Data Engineer Python, AWS

Description

Skillset required for this project : Python, AWS, Starbust, Neo4j
Roles and Responsibilities : Data Engineer Role
1. Data Pipeline Development:
Design, build, and maintain scalable data pipelines in AWS Glue using Python code language to ingest, transform, and load data from sources (AWS S3 bucket) into data lakes (AWS S3 bucket).
2. Data Integration:
Integrate data from multiple sources and systems (AWS S3 bucket) to enable unified and comprehensive views of clinical data.

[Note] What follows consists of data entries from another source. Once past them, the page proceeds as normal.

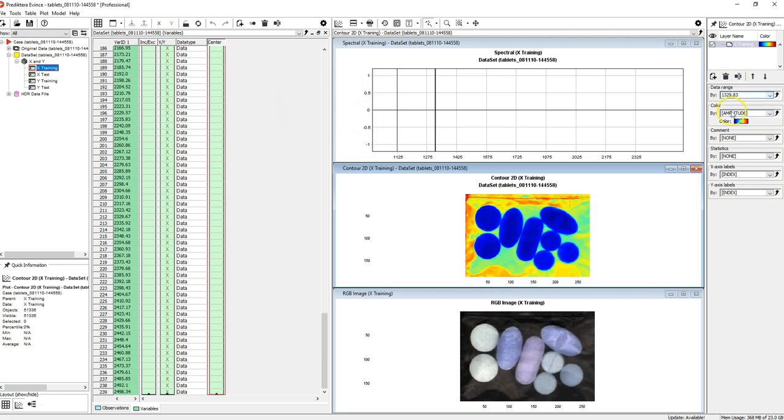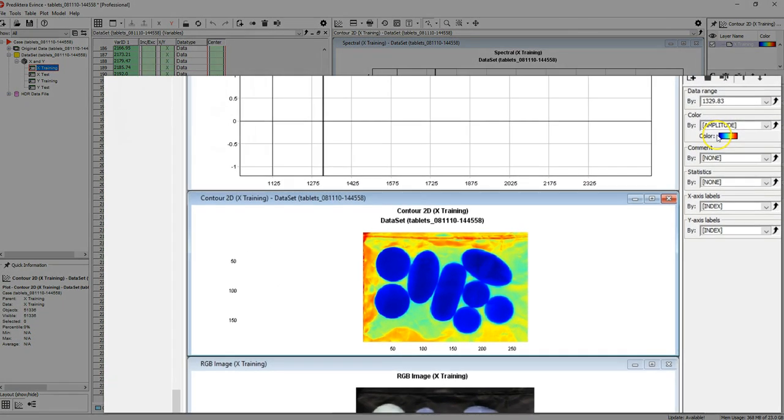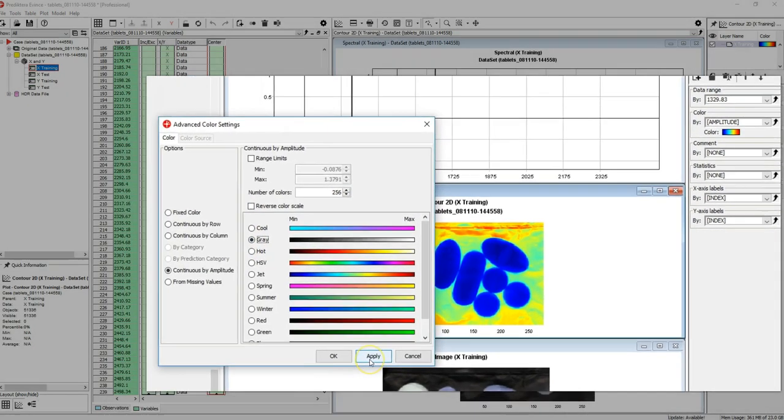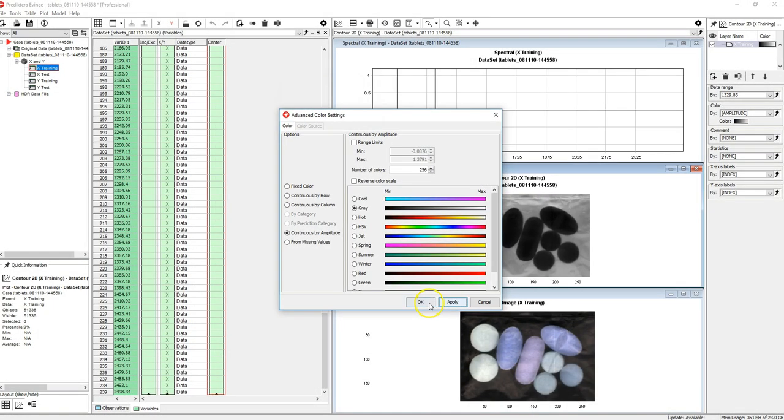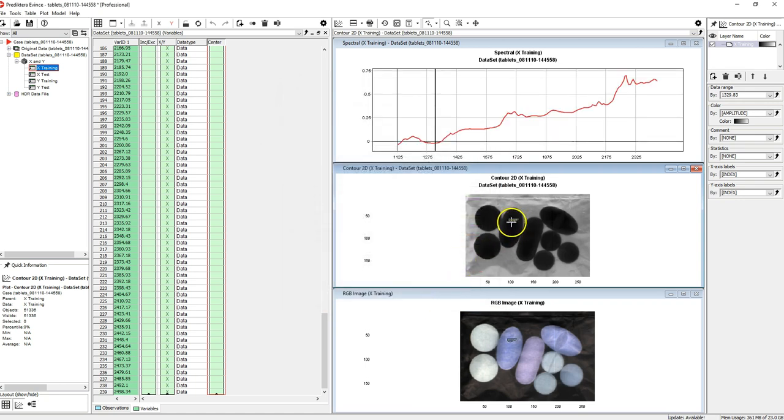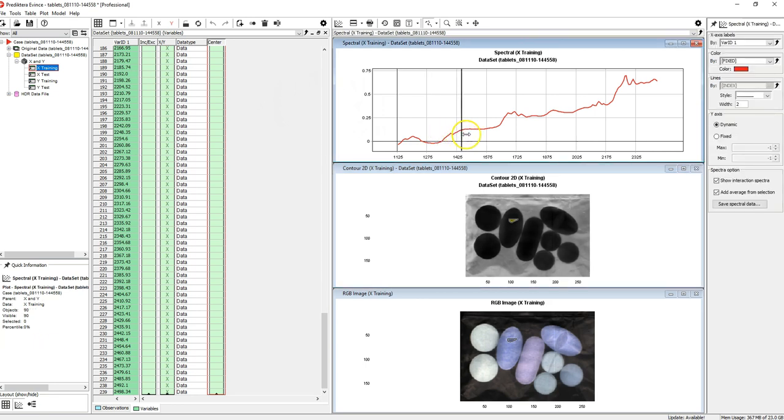In the settings menu we can change the coloring being used for this contour plot to be grayscale. In this way we can clearly see the difference between the pixels when looking at the absorbance in a single wavelength.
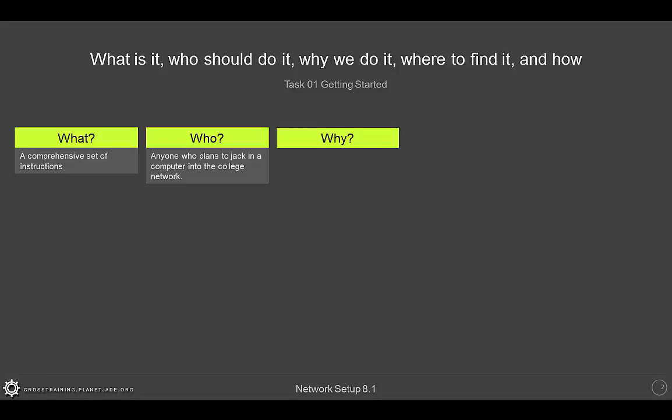The next question you might be asking is, why do we do the network setup?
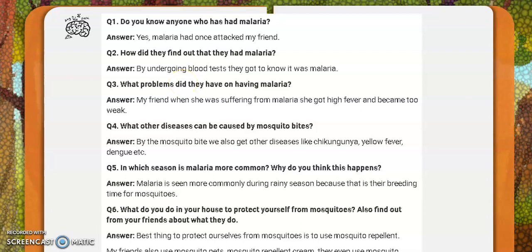Do you know anyone who has had malaria? How did they find out? By a blood test. What diseases can be caused by mosquito bites? Chikungunya, yellow fever, dengue, and so on. In which season is malaria more common? In the rainy season, because there are puddles everywhere and stagnant water gives mosquitoes a good chance to lay eggs and generate a new batch of adult mosquitoes.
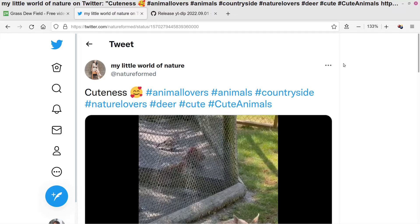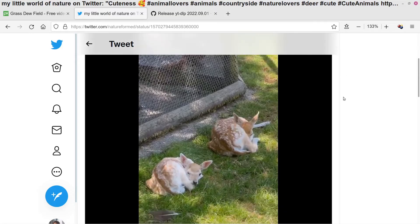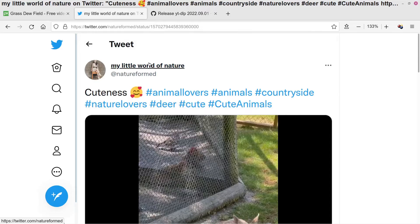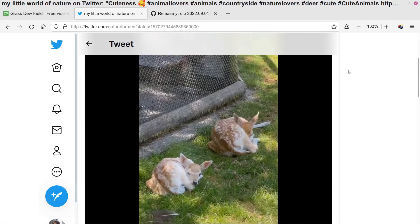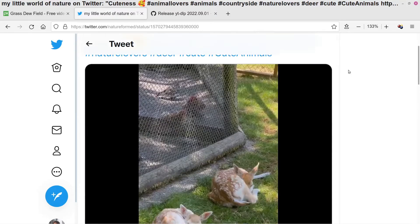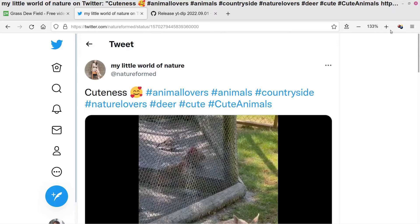There were a couple of different ways to do this in the past, but most of the older methods specifically for Twitter don't work anymore at the time of recording. There is one workaround I was able to find. When Video Download Helper can't save the video, what you need to do in cases like this is get a separate piece of software installed.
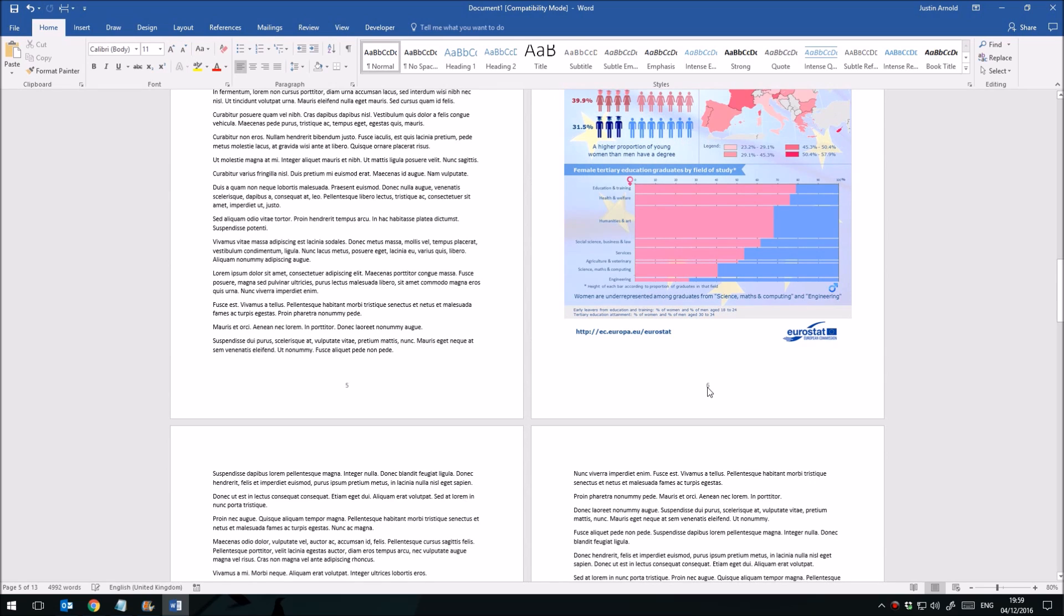Let's say that on this page you have a very large diagram or image or something and you don't want the page number there. How do you get rid of that?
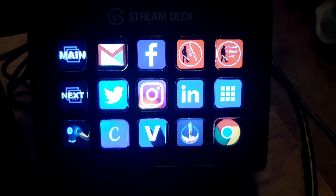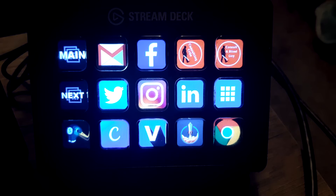Here's a picture of one of the pages of the Stream Deck — this is the home screen. You'll notice that there are multiple icons that are lit up for different websites, as well as one designated as 'main' and 'next.' The main brings me back to that particular page, whereas next will allow me to toggle through the different pages that I have set up.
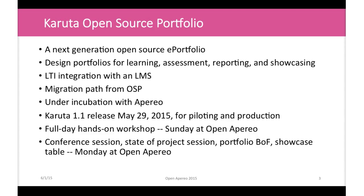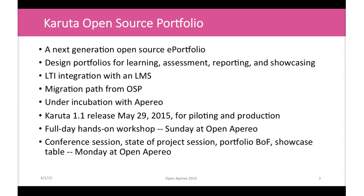A brief review of Karuta. We're a next-generation open-source portfolio. We can do portfolios for learning, assessment, reporting, showcasing. We're LTI-integrated with LMSs. We have a migration path plan from OSP with a proof-of-concept ready to go. We're under incubation with Apereo, and we have a release coming out on Friday.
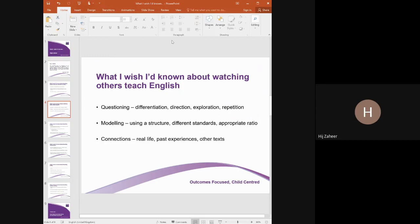Look at how teachers differentiate their questions, how they direct certain questions to encourage students to reach certain conclusions or make inferences from texts, how they use questions to offer wider exploration about the text rather than a fixed opinion a student may have. It's really important to see the repetitive nature of teachers' questioning and how that repetitive nature allows students to create their own internal questioning voice, which they will need to apply when working independently.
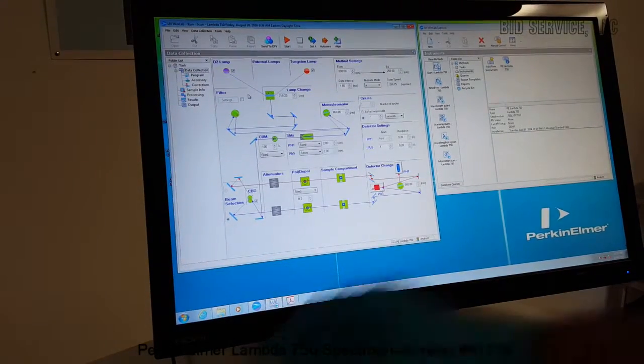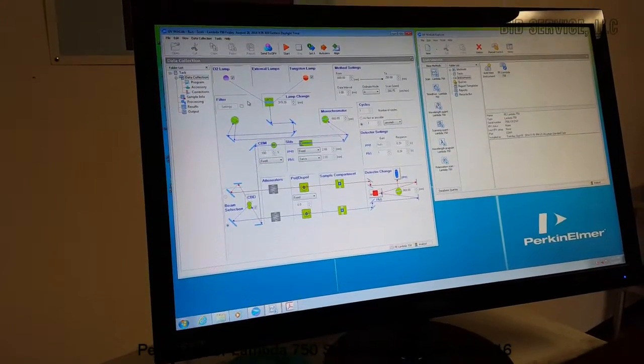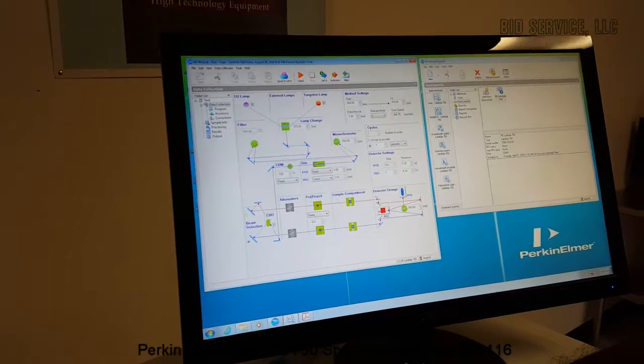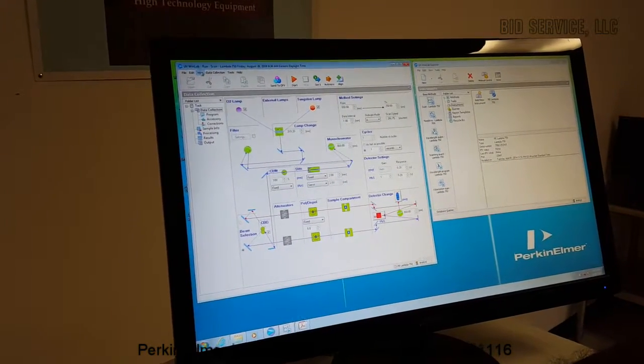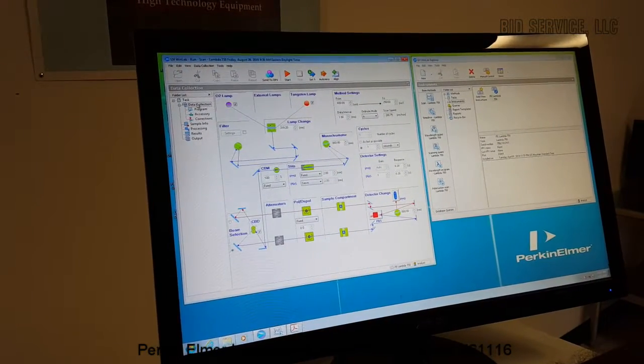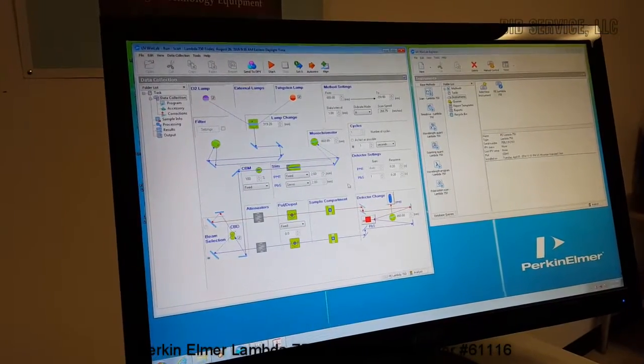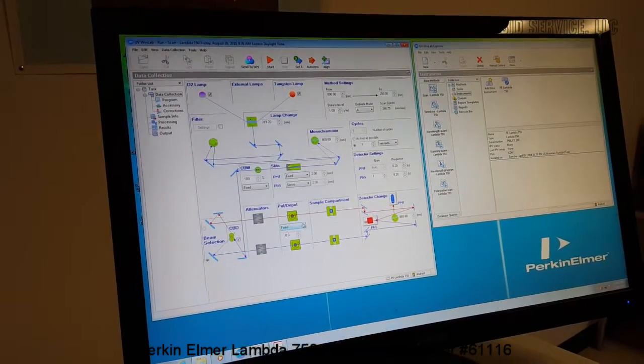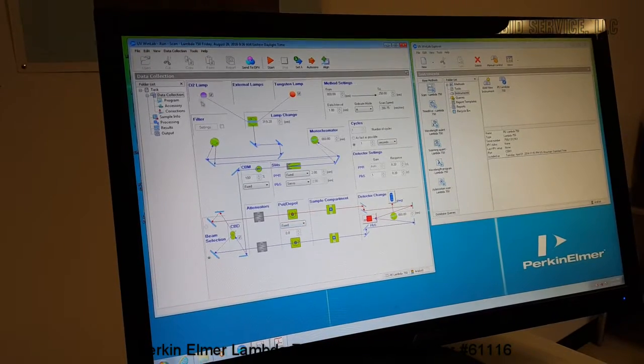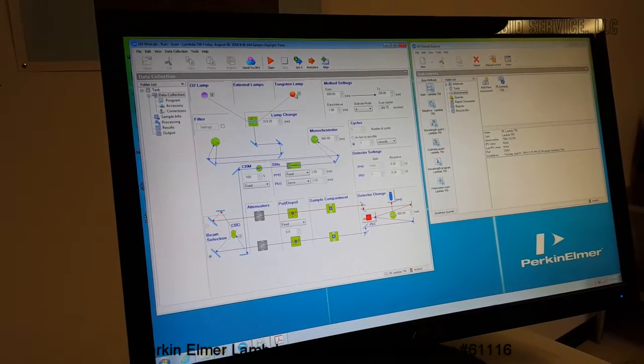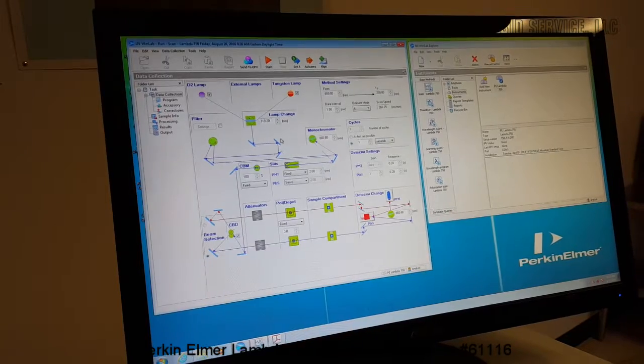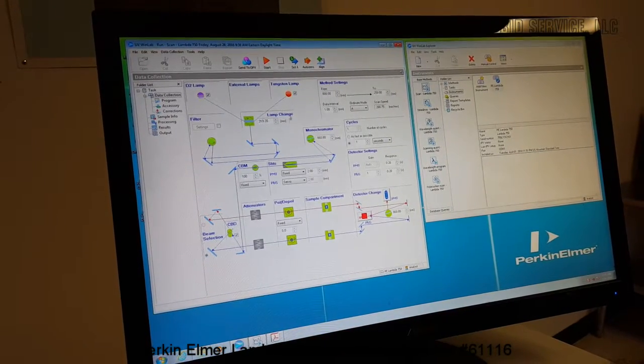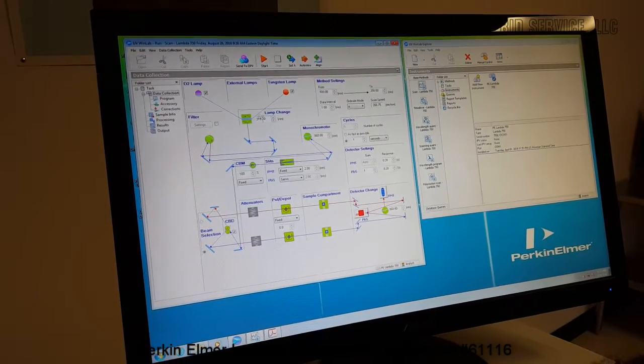So the software enables to run the system and we can set up the data collection modes here. There is a deuterium lamp in the machine and a tungsten halogen lamp. And depending on the wavelength selected, the lamp selection will change.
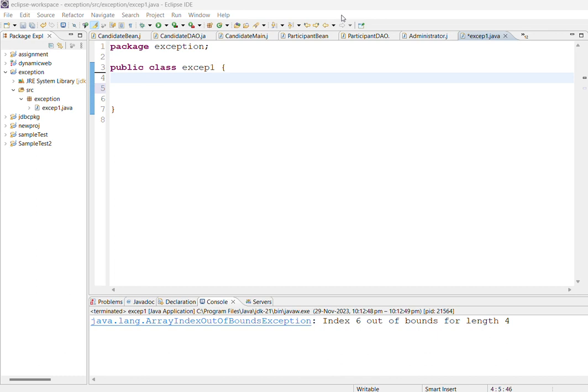Hello everyone, today I am going to explain to you how array index out of bound exception is handled in Java.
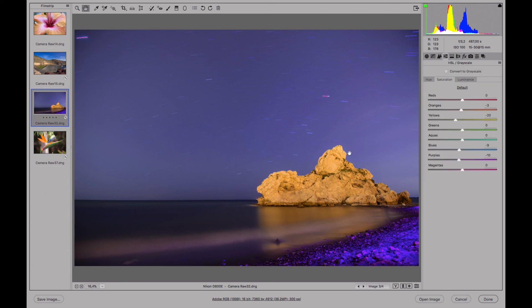Now we'll continue looking at how to adjust an image to change it to grayscale in a future class. To do this, we have to click here and see how to adjust the gray tones of an image instead of the colors. I'll see you guys in the next lesson — have a good day, bye!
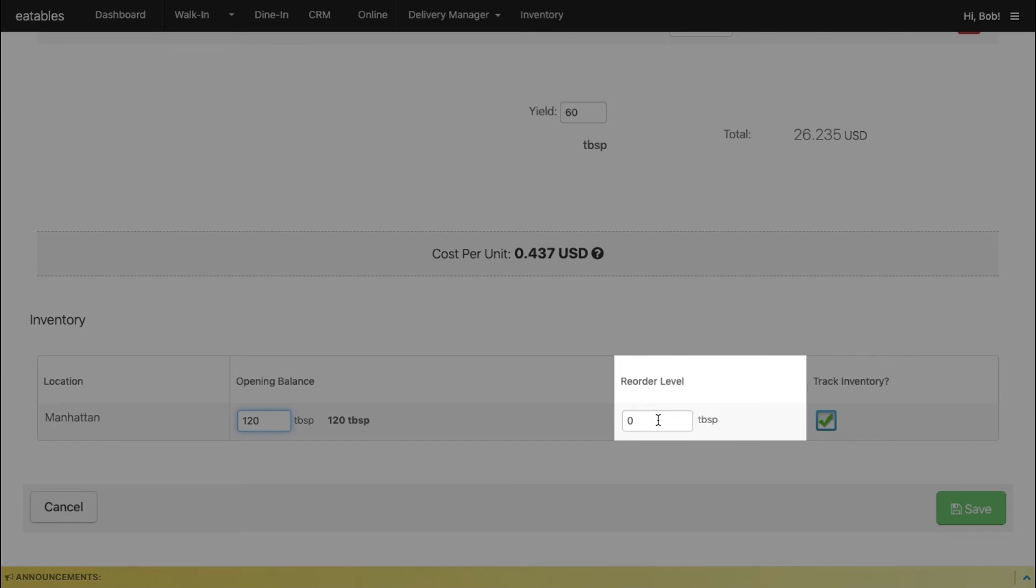Enter the reorder level. In SAPAD, you can set the quantity at which your subrecipe is considered low on stock. You can do a batch production of your subrecipe so your stock is always up to date.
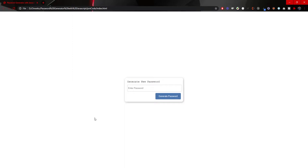Hey guys, Omerko here, self-taught web developer. For today's video we will create a simple password generator using JavaScript for our functionality. It's been quite some time since I gave you a video about JavaScript projects, so this is the one.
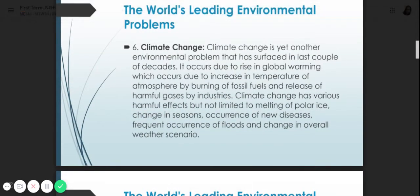Number six is climate change, yet another environmental problem that has surfaced in the last couple of decades. It occurs due to the rise in global warming, which occurs due to increase in atmospheric temperature, the burning of fossil fuels, and release of harmful gases by industry. Climate change has various harmful effects including melting of polar ice, change in seasons, occurrence of new diseases, frequent occurrence of floods, and change in overall weather scenarios. Climate change is the result of global warming.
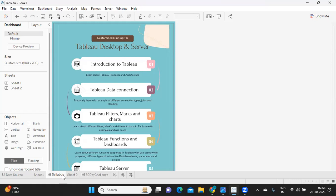After that we'll actually get into Tableau and explore the different options we have to visualize our data. How we can filter the data, how we can improvise the data, how we can cleanse the data, and we'll start exploring the charts concept.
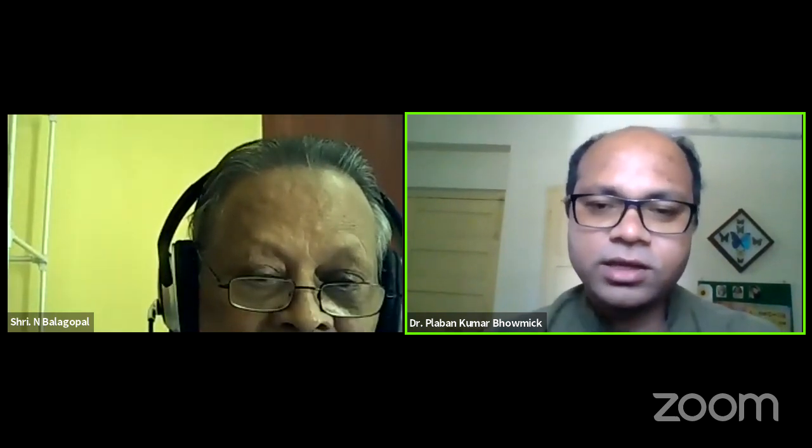Thank you very much, respected Sri Balagopalji and Dr. Vignesh. It is really a pleasure and privilege for me to speak on such an important occasion, named after a very eminent person like PM Panikkar. I am very much privileged to be a speaker in the 25th PM Panikkar National Reading Month Celebration 2020.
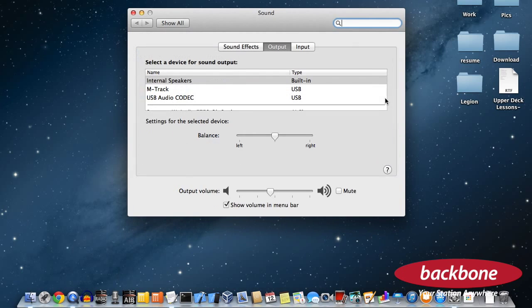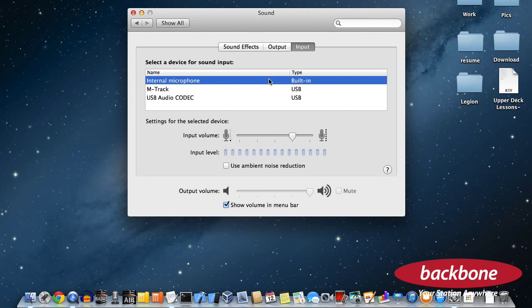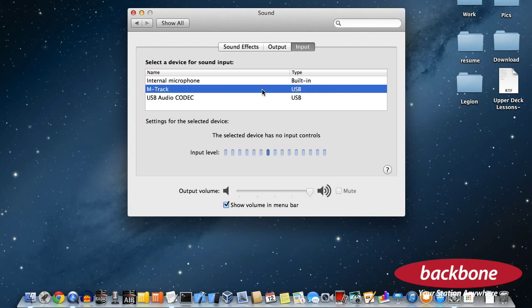The last thing you need to do is to set the input and output of your Mac to the M-Audio device.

Implement ETL (Extract, Transform, Load) processes to prepare raw data for analysis.
3. Database Management:
Manage and optimize databases (e.g., Starbust) for performance, scalability, and reliability.
Implement database schemas and indexes to support efficient data querying and retrieval.
4. Data Governance and Security:
Implement data governance policies and procedures to ensure data security, compliance, and privacy using AZ GxP process.
Establish access controls, encryption, and auditing mechanisms to protect sensitive data.
5. Monitoring and Optimization:
Monitor data pipelines and systems for performance issues, bottlenecks, and anomalies.
Implement optimizations to improve data processing efficiency and reduce latency.
6. Collaboration and Documentation:
Collaborate with data scientists, analysts, and other stakeholders to understand data requirements and support analytics initiatives.
Document data engineering processes, workflows, and architectures for knowledge sharing and future reference.
Collaborate with testers while testing the developed pipeline and after which promoting to higher environment.
7. Deployment and Jira Test Execution:
Deploying the code from Github repository from the master branch to higher environments like SIT, PPT and PROD.
While deploying we capture evidence and execute the deployment scripts with different steps and corresponding evidence in Jira.
8. Automation:
Automation to trigger the code automatically using AWS resources without manual intervention.